How to do this assignment:

And, of course, if you have PostgreSQL installed on your home machine, you can do all of your development there.
But don't forget to test it on vxdb2 before submitting.

Introduction

All Universities require a significant information infrastructure in order to manage their affairs. This typically involves a large commercial DBMS installation. UNSW's student information system sits behind the MyUNSW web site. MyUNSW provides an interface to a PeopleSoft enterprise management system with an underlying Oracle database. This back-end system (Peoplesoft/Oracle) is sometimes called NSS. The specific version of PeopleSoft that we use is called Campus Solutions.
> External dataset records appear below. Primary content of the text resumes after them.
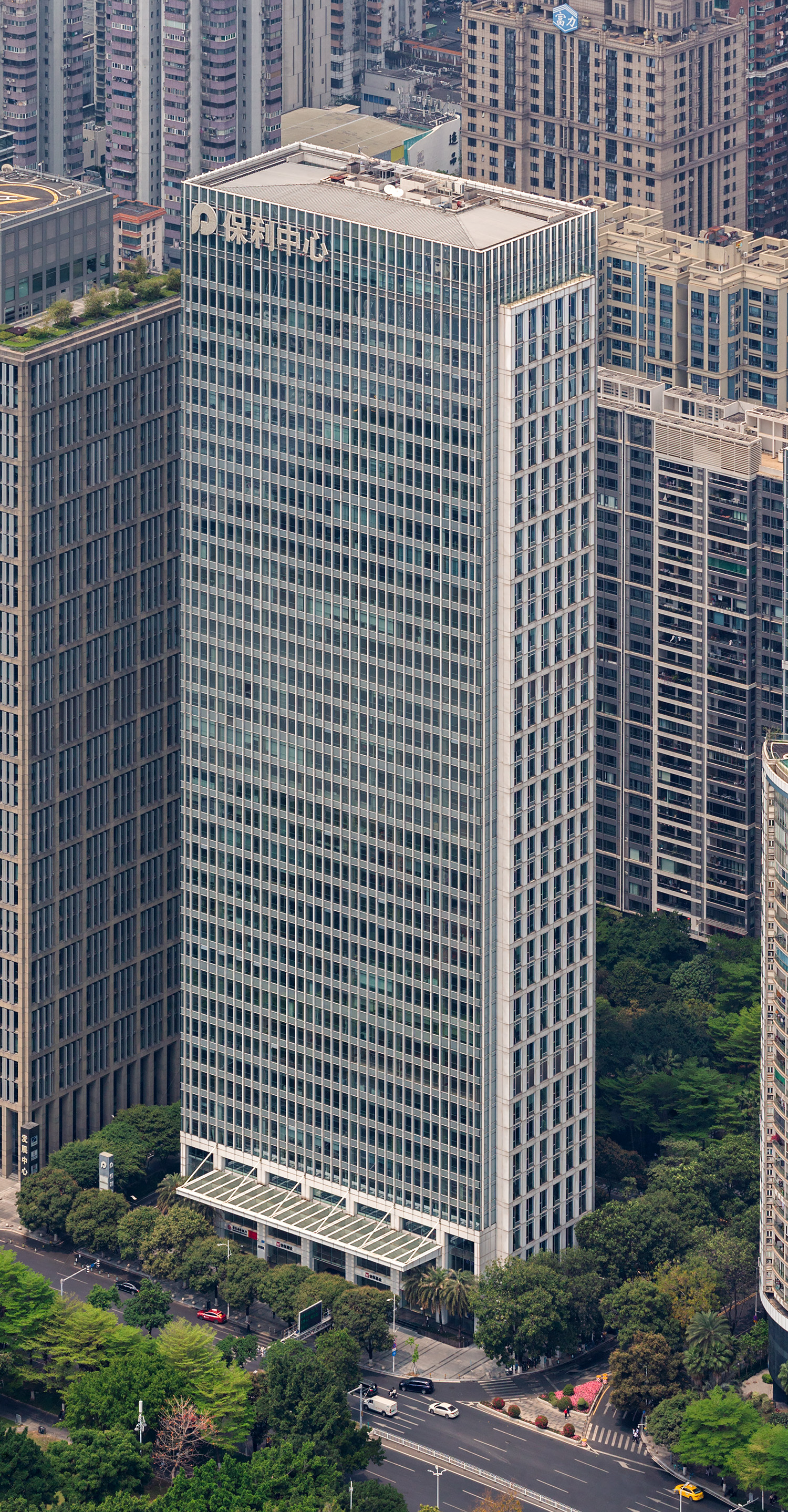 Poly Center, Guangzhou - View from Canton Tower. © Mathias Beinling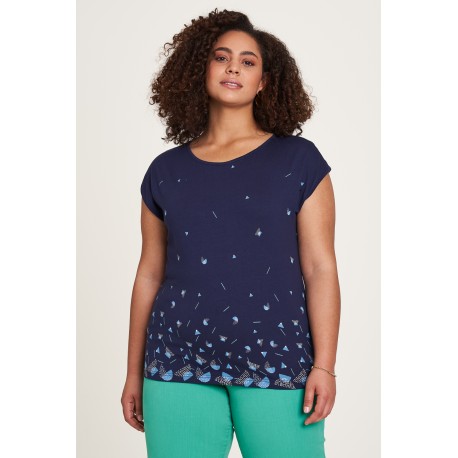 Camiseta algodón orgánico rock navy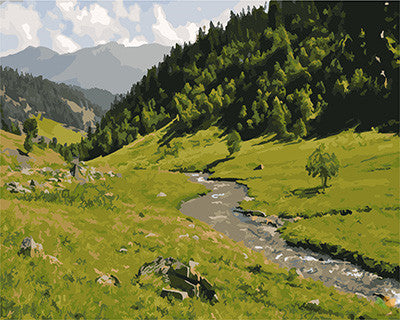 Landscape Paint By Numbers Kits UK GX24208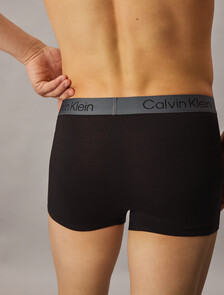 Cotton Modal Trunks 3 Pack, black/ wolf grey/ black, hi-res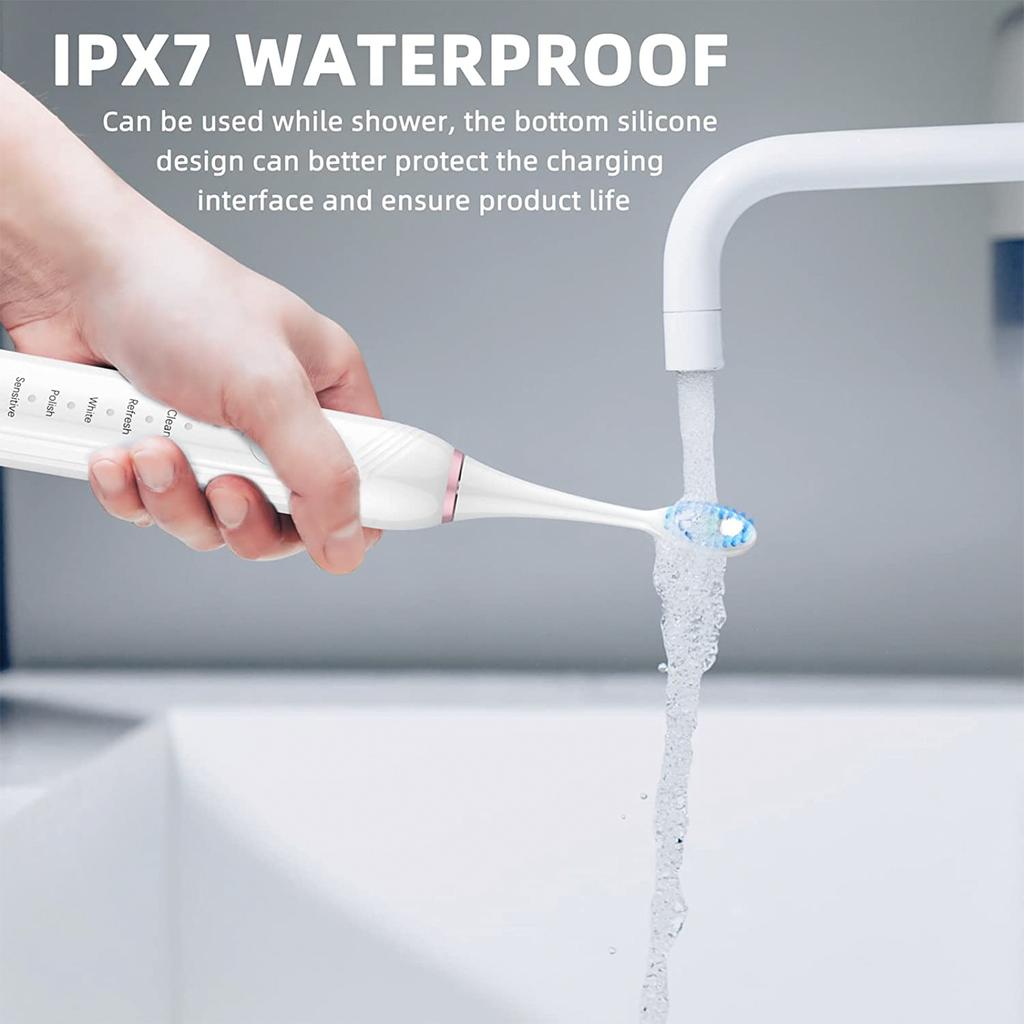 Automatic Adult Soft Travel Waterproof Whitening Smart Electric Teeth Brush Rechargeable Sonic Electric Toothbrush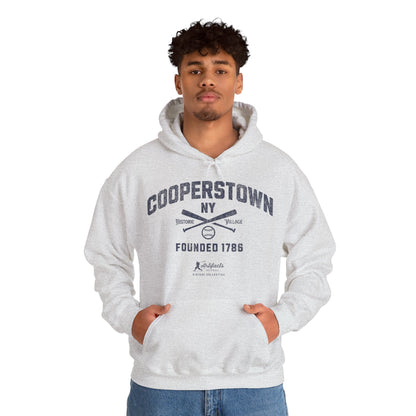 Cooperstown, NY Hoodie - Navy Print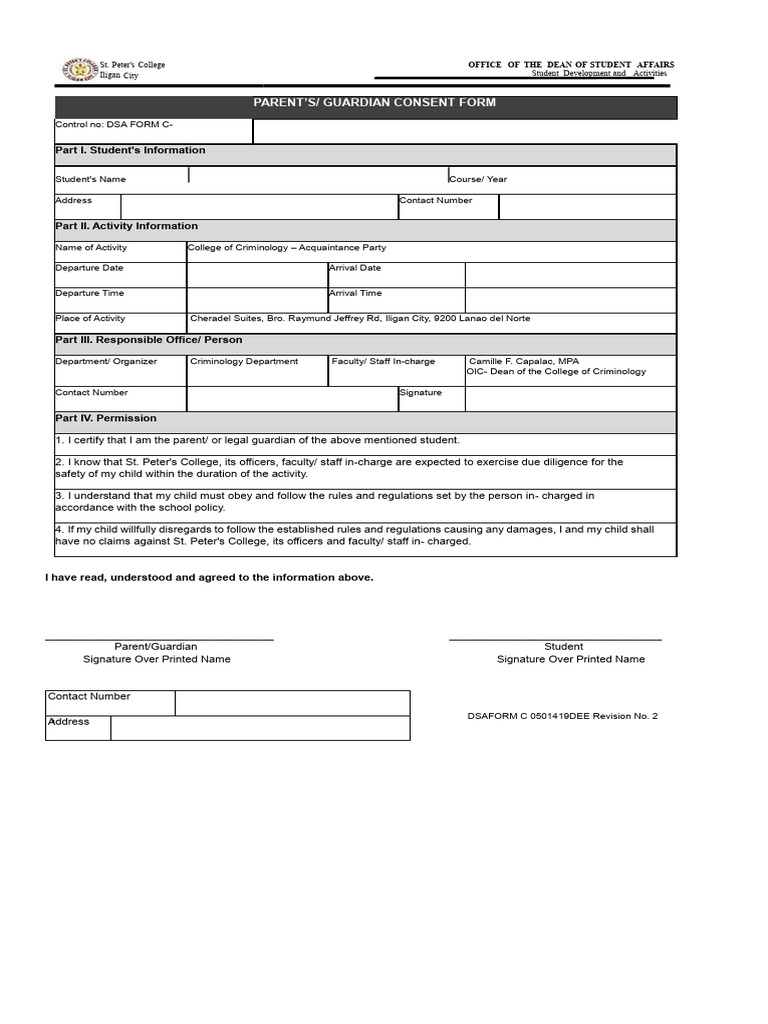 PARENTS CONSENT Acquaintance Party | PDF | Career & Growth | Law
Despite its successes, however, MyUNSW/NSS still has a number of deficiencies, including:

The first point is inconvenient, since it means that the only way for a student to change tute classes is to drop the course and re-enrol into the course, selecting th new tute. If the course is already full, students would be unwilling to drop the course in case someone else grabs their place before they can re-enrol.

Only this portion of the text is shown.